Schistosoma, the avian and mammalian blood flukes, is the best studied genus of Schistosomatidae . Several species are described, six of which infect humans causing schistosomiasis: S. haematobium, S. intercalatum, S. japonicum, S. malayensis, S. mansoni, and S. mekongi. Other species are known to infect a broad range of mammals such as hippopotamus, rodents, carnivores, and ruminant animals like buffalo, cattle, goat, lechwe, and sheep. Some hybrid species are reported [1–4]. For example, S. mattheei, more commonly found in cattle, is believed to form hybrids between S. mattheei and S. haematobium thus increasing its snail and definitive host range .

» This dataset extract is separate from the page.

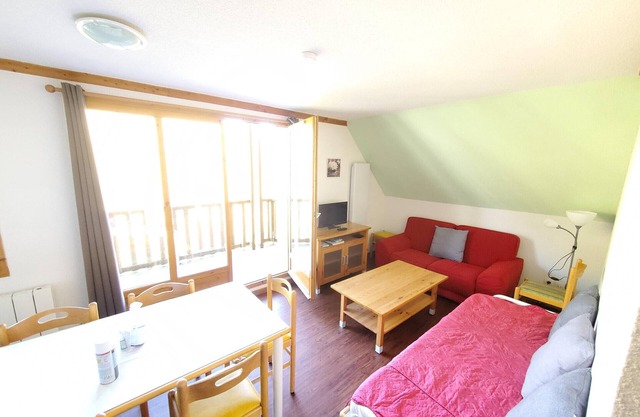 6161B - APPARTEMENT AU PIED DU CHAMBOURGUET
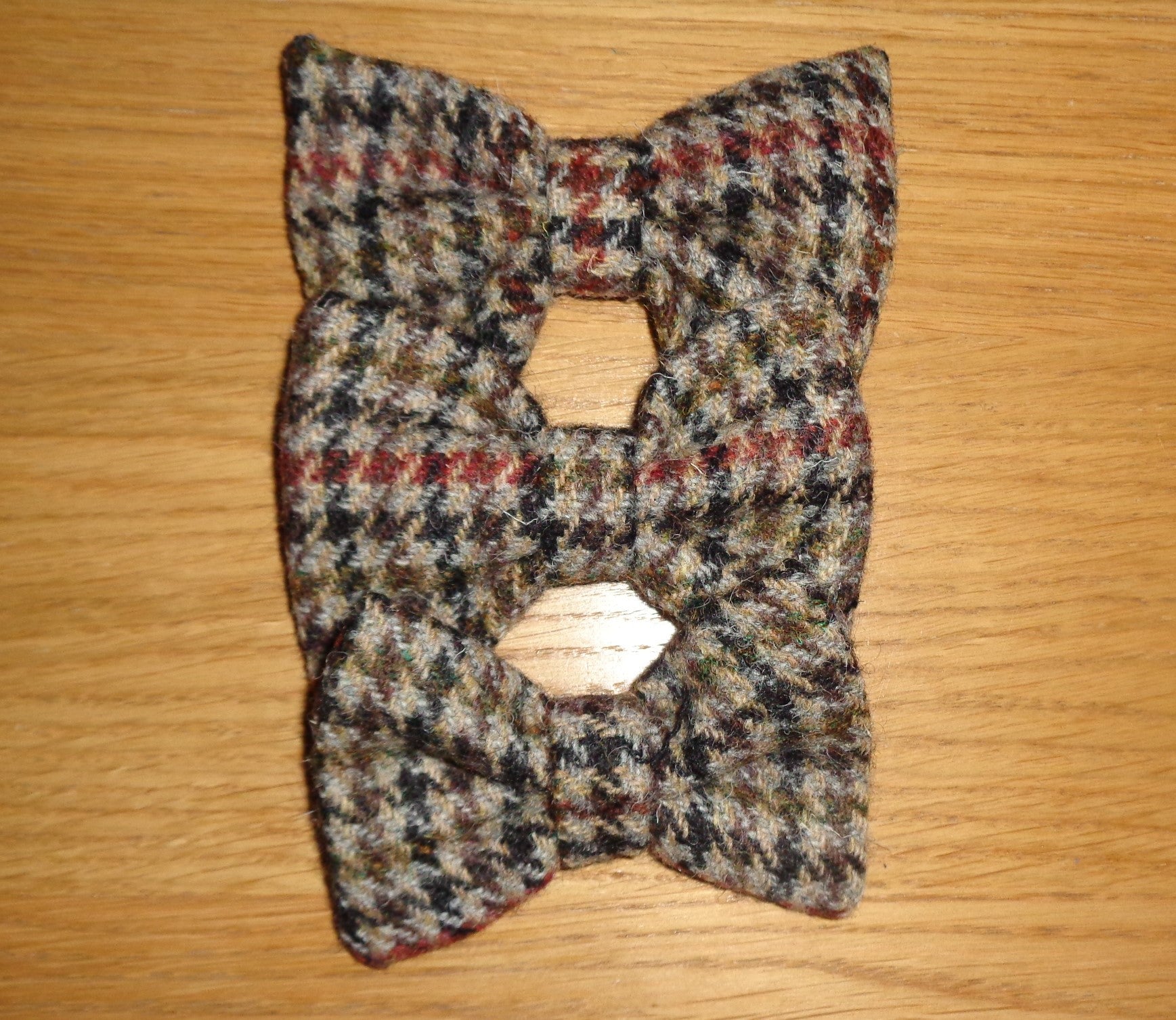 Bowzos Bow - Harris Tweed Brown Houndstooth - BOWZOS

Schistosomiasis, a chronic and debilitating disease, is considered by the World Health Organization as one of the most serious public health issues and the second most prevalent tropical disease with high morbidity in the world . Schistosomiasis is endemic in 77 countries  and its transmission is dependent on the existence and distribution of intermediate hosts. It is estimated that 237 million people require treatment worldwide and that 600 to 779 million people live in endemic areas, under infection risk . Yet, exacerbating this scenario, this disease is responsible for the loss of 1.7 to 4.5 millions of years of life in the world, measured by disability-adjusted life years (DALY) , one of the highest indexes among all the neglected tropical diseases. Control of schistosomiasis represents a great challenge and it is based on drug treatment (Praziquantel), snail control, improved sanitation, and health education .
The development of powerful and scalable methods to analyse nucleic acids and proteins has changed the way biological data is surveyed. The application of such technologies, together with the development of powerful computational tools and methods, have expanded our perspective of schistosome biology and allowed a better understanding of processes such as host-parasite interaction [8–10].

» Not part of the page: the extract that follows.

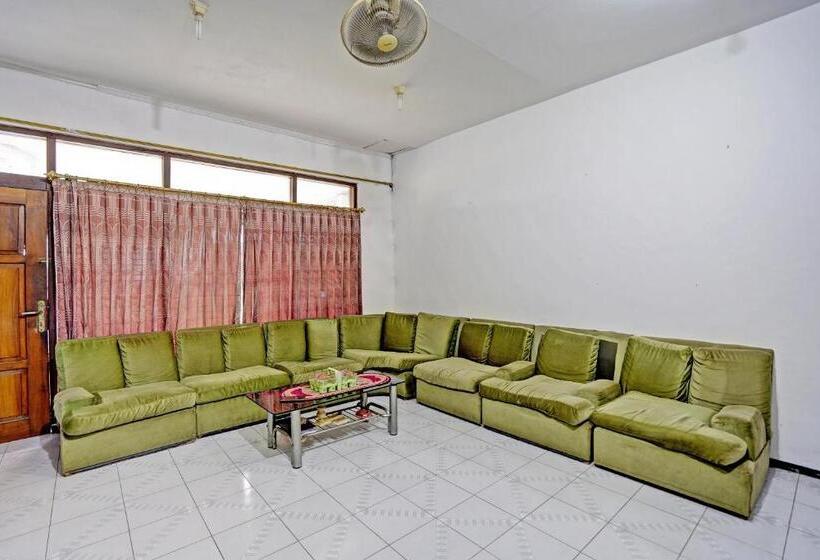 בית מלון כפרי Spot On 91865 Sidomulyo Kost Syariah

This paper aims to discuss some advances in schistosome research with emphasis on genomics and transcriptomics. First, we summarize the current status of sequencing projects of nuclear and mitochondrial genomes. We also discuss some aspects of evolutionary genomics and biodiversity of schistosomes. Then, we present key findings in transcriptomic analyses. Finally, we point out the main challenges of the current research and suggest some future directions in Schistosoma genomic and transcriptomic studies.
2. Schistosoma Genomics
In order to strengthen traditional methods and provide new information to improve success towards schistosomiasis control, the scientific community joined efforts to assess the Schistosoma genomic information, starting in 1994, as an initiative of WHO/TDR (UNICEF-UNDP-World Bank-WHO Special Programme for Research and Training in Tropical Diseases) [11, 12]. At that time, only a few hundred expressed sequence tags (ESTs) from S. mansoni were available . The WHO/TDR support opened the possibility to generate data that could be translated into new tools for schistosomiasis diagnostics and treatment, representing the “kickoff” of Schistosoma nuclear genome studies.
2.1. Nuclear Genomes
The nuclear genome of three Schistosoma species was sequenced (Table 1). The S. japonicum (Anhui isolate) and S. mansoni (Puerto Rico isolate) genomes were decoded and simultaneously published as an initiative of the Wellcome Trust Sanger Center Institute in collaboration with the Institute for Genomic Research (TIGR) and the Schistosoma japonicum Genome Sequencing and Functional Analysis Consortium [16, 17]. Recently, the S. haematobium (Egyptian isolate) genome was sequenced opening new possibilities in comparative genomics of schistosomes .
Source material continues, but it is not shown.